Keys to documenting ETL processes

We can document ETL processes, In other words, those that are carried out with an extraction tool, transformation and loading (ETL) after its design and implementation or simultaneously, either by opting for the native tool, since each project is self-documentary, or using a different one. .

Be that as it may, When documenting ETL processes, it is essential to reflect the heart of the project, what it means to perform a clear and well-structured report, that will be delivered to the client so that he has proof of the final work carried out, Y, Besides, It will also be very useful to help its maintenance and carry out continuous improvement.

How to document ETL processes?

There is no commonly accepted standard or methodology that we can follow to document the ETL procedure and its logic in practice.. Y, in reality, repeatedly this work is not even done.
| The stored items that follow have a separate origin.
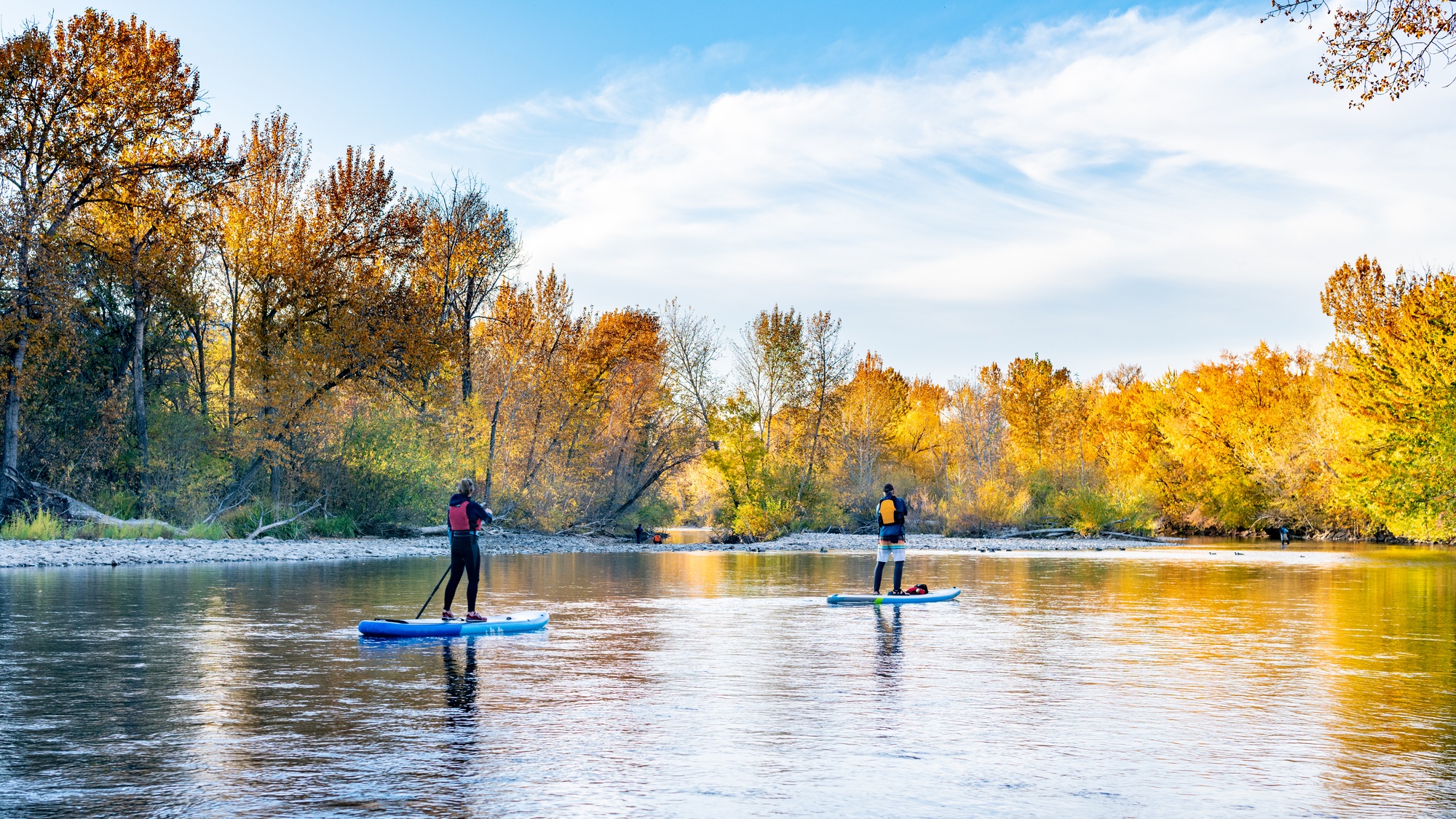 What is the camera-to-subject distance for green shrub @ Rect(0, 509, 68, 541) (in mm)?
30922

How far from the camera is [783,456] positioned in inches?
2158

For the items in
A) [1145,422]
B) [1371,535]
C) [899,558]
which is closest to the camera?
[899,558]

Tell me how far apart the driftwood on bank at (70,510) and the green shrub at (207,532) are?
47cm

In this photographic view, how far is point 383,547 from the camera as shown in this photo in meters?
38.1

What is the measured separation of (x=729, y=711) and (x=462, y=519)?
24.1 ft

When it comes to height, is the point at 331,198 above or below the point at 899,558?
above

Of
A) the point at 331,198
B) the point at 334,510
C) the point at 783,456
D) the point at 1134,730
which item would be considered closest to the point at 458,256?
the point at 331,198

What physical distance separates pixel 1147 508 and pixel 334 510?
4174cm

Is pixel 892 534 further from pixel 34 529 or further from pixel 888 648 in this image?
pixel 34 529

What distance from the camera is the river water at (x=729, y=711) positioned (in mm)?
6699

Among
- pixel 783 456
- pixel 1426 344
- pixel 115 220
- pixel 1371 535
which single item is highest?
pixel 115 220

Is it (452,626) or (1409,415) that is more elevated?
(1409,415)

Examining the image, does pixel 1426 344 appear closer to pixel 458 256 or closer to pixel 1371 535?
pixel 1371 535

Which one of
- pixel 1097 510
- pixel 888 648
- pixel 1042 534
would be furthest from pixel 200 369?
pixel 1097 510
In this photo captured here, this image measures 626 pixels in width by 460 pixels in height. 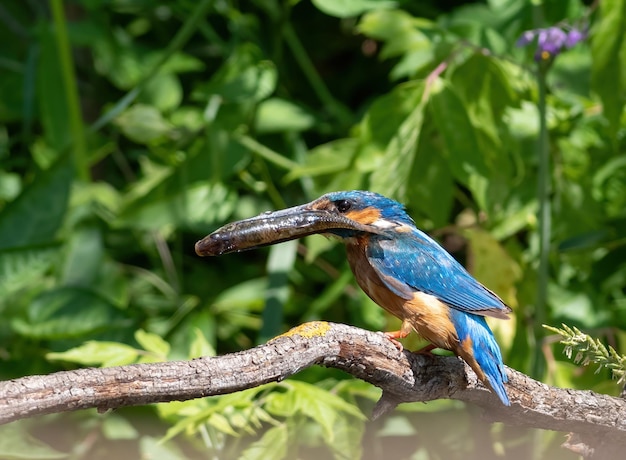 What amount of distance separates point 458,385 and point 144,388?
0.72 m

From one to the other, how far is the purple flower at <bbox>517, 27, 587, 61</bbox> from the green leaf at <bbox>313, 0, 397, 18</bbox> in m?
0.62

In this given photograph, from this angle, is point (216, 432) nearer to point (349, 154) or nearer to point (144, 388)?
point (349, 154)

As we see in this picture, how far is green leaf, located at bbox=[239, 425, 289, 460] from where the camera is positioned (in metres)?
2.42

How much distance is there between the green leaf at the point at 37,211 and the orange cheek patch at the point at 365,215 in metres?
1.46

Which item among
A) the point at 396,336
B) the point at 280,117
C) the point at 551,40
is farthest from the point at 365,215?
the point at 280,117

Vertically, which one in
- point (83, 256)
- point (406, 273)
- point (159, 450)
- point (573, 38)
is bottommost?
point (159, 450)

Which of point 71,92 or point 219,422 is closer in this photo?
point 219,422

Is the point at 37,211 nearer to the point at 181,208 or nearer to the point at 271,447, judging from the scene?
the point at 181,208

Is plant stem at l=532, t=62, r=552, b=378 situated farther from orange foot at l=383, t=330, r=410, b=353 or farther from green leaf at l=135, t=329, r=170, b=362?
green leaf at l=135, t=329, r=170, b=362

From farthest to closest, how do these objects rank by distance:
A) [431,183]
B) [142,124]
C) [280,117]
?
1. [280,117]
2. [142,124]
3. [431,183]

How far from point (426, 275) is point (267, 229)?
1.34 feet

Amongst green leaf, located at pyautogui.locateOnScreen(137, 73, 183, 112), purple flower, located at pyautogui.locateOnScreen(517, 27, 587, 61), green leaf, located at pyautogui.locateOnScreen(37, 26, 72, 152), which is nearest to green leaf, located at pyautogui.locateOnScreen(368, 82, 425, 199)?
purple flower, located at pyautogui.locateOnScreen(517, 27, 587, 61)

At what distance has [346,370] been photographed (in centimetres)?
172

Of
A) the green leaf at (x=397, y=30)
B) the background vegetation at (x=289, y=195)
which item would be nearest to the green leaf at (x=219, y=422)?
the background vegetation at (x=289, y=195) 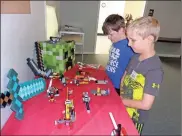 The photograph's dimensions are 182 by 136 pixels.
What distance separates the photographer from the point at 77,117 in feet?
2.41

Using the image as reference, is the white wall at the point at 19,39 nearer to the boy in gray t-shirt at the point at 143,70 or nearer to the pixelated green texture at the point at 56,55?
the pixelated green texture at the point at 56,55

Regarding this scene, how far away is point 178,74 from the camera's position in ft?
10.8

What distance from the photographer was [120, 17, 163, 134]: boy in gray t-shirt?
0.81 m

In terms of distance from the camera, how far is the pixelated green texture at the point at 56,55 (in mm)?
1104

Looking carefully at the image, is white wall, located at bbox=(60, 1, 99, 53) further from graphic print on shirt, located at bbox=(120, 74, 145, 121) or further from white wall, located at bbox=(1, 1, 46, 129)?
graphic print on shirt, located at bbox=(120, 74, 145, 121)

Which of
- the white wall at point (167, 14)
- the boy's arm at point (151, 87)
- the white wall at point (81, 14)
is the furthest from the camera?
the white wall at point (167, 14)

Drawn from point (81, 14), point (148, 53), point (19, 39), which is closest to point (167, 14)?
point (81, 14)

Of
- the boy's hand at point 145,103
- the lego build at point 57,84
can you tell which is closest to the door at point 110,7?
the lego build at point 57,84

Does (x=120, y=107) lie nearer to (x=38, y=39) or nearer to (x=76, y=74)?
(x=76, y=74)

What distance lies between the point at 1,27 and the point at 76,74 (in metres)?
0.61

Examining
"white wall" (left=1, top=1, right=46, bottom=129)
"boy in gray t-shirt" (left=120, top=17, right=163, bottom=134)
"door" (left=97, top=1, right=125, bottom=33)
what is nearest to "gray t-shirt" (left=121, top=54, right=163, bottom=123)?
"boy in gray t-shirt" (left=120, top=17, right=163, bottom=134)

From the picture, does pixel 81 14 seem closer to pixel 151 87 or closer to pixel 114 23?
pixel 114 23

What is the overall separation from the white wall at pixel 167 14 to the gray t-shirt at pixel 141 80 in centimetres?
→ 345

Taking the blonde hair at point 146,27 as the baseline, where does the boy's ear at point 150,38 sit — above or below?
below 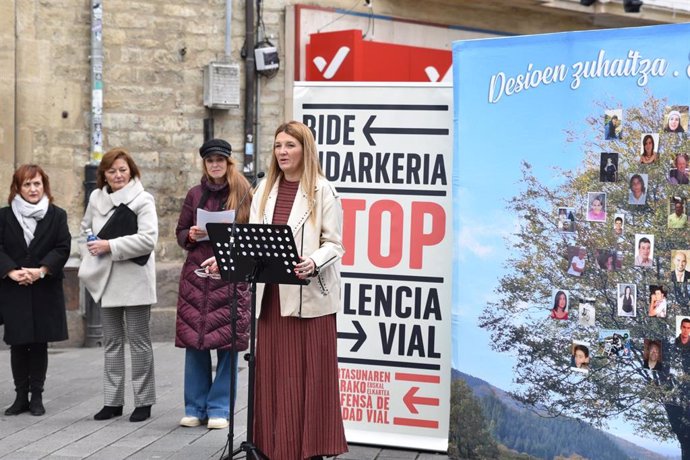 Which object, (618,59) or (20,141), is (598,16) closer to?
(20,141)

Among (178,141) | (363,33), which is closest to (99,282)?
(178,141)

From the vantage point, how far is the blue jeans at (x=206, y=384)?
8.02 meters

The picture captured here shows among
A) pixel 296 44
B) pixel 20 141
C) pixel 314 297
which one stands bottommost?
pixel 314 297

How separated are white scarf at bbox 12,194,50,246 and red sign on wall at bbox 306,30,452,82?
6012 mm

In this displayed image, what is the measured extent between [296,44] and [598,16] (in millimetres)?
5987

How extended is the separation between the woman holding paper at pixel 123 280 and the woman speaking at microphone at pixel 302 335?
79.2 inches

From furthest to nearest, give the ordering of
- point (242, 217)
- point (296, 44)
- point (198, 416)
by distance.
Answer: point (296, 44), point (198, 416), point (242, 217)

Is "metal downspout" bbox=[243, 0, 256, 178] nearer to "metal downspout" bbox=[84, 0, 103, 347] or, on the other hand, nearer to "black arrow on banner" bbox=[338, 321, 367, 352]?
"metal downspout" bbox=[84, 0, 103, 347]

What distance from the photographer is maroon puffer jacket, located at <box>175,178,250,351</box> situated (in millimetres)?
7875

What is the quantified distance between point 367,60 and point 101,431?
773cm

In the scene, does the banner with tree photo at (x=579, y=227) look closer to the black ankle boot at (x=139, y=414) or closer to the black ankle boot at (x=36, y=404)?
the black ankle boot at (x=139, y=414)

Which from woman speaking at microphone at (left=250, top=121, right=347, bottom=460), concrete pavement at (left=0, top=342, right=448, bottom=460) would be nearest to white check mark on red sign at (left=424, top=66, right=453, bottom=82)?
concrete pavement at (left=0, top=342, right=448, bottom=460)

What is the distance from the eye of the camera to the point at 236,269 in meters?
6.21

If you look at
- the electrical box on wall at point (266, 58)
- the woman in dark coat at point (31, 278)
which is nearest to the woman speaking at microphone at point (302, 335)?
the woman in dark coat at point (31, 278) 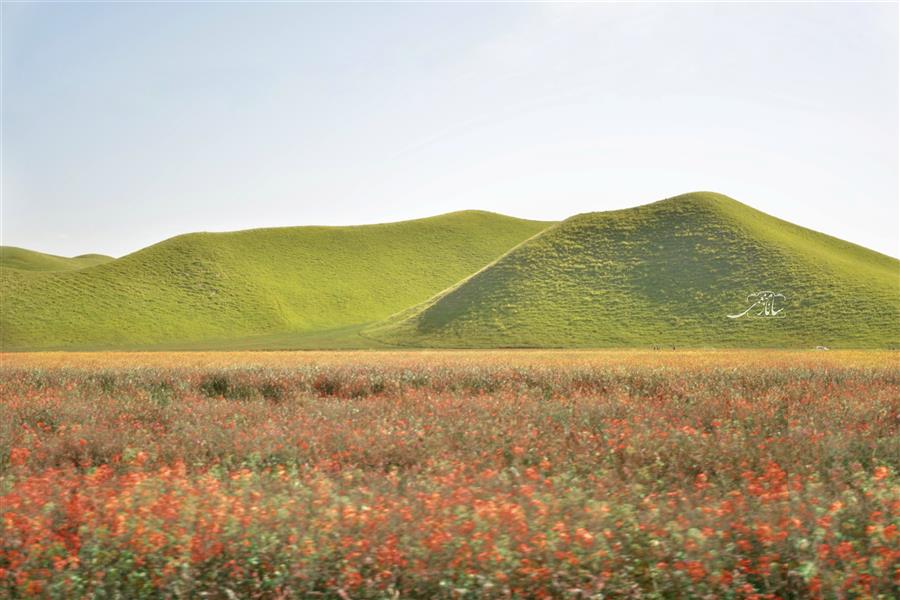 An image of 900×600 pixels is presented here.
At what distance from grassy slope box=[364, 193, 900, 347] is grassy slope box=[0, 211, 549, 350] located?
19.8 meters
Despite this, it is necessary to carry it out if we want to have documentation that reflects the development and result of the project, made in an illustrative way, and complementing the same procedure implemented.

Simply, there are a number of key issues that we must pay attention when documenting ETL processes in the best feasible way. These are the following:

  • Flexible methodology. The aforementioned absence of a standard or methodology allows us to finding our own way to document ETL processes. At the same time of the utilities provided by the tool used, there are different methods that can help us visualize the implemented ETL, such as the concept of value chain mapping or VSM (VMapping of alue currents), so that the same visualization can be used as documentation or as part of it, within a more complete report.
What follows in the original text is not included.